Back to Sentry's use of npm. It turns out we have four different versions of the same query string library because of different version pinning by different libraries. Fun.
Those dependencies can easily end up being high value targets because of
how few people know about them. juliangruber's "isarray" has 15 stars on
github and only two people watch the repository. It's downloaded 18
million times a month. Sentry depends on it 20 times. 14 times it's a
pin for 0.0.1
, once it's a pin for ^1.0.0
and 5 times for
~1.0.0
. Any pin for anything other than a strict version match is a
disaster waiting to happen if someone would manage to push out a point
release for it by stealing juliangruber's credentials.
Now one could argue that the same problem applies if people hack my
account and push out a new Flask release. But I can promise you I will
notice a release from one of my ~5 libraries because of a) I monitor those
packages, b) other people would notice a release. I doubt people would
notice a new isarray release. Yet isarray
is not sandboxed and runs
with the same rights as the rest of the code you have.
For instance sindresorhus maintains 827 npm packages. Most of which are probably one liners. I have no idea how good his opsec is, but my assumption is that it's significantly harder for him to ensure that all of those are actually his releases than it is for me as I only have to look over a handful.

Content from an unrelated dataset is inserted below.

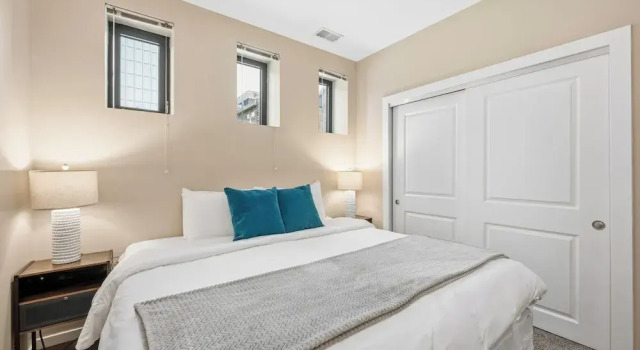 Апартаменты Luxury Modern Downtown Apartment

There is a common talk that package signatures would solve a lot of those issues but at the end of the day because of the trust we get from PyPI and npm we get very little extra security from a package signature compared to just trusting the username/password auth on package publish.

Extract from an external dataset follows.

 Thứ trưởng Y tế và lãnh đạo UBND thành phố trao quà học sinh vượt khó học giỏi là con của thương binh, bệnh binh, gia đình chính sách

Why package signatures are not the holy grail was covered by Donald Stufft aka Mr PyPI. You should definitely read that since he's describing the overarching issue much better than I could ever do.
To be perfectly honest: I'm legitimately scared about node's integrity of the ecosystem and this worry does not go away. Among other things I'm using keybase and keybase uses unpinned node libraries left and right. keybase has 225 node dependencies from a quick look. Among those many partially pinned one-liner libraries for which it would be easily enough to roll out backdoor update if one gets hold of credentials.
Update: it has been pointed out that keybase shrinkwrapped in the node client and that the new client is written in Go. Source
If micro-dependencies want to have a future then something must change in npm. Maybe they would have to get a specific tag so that the system can automatically run automated analysis to spot unexpected updates. Probably they should require a CC0 license to simplify copyright dialogs etc.
But as it stands right now I feel like this entire thing is a huge disaster waiting to happen and if you are not using node shrinkwrap yet you better get started quickly.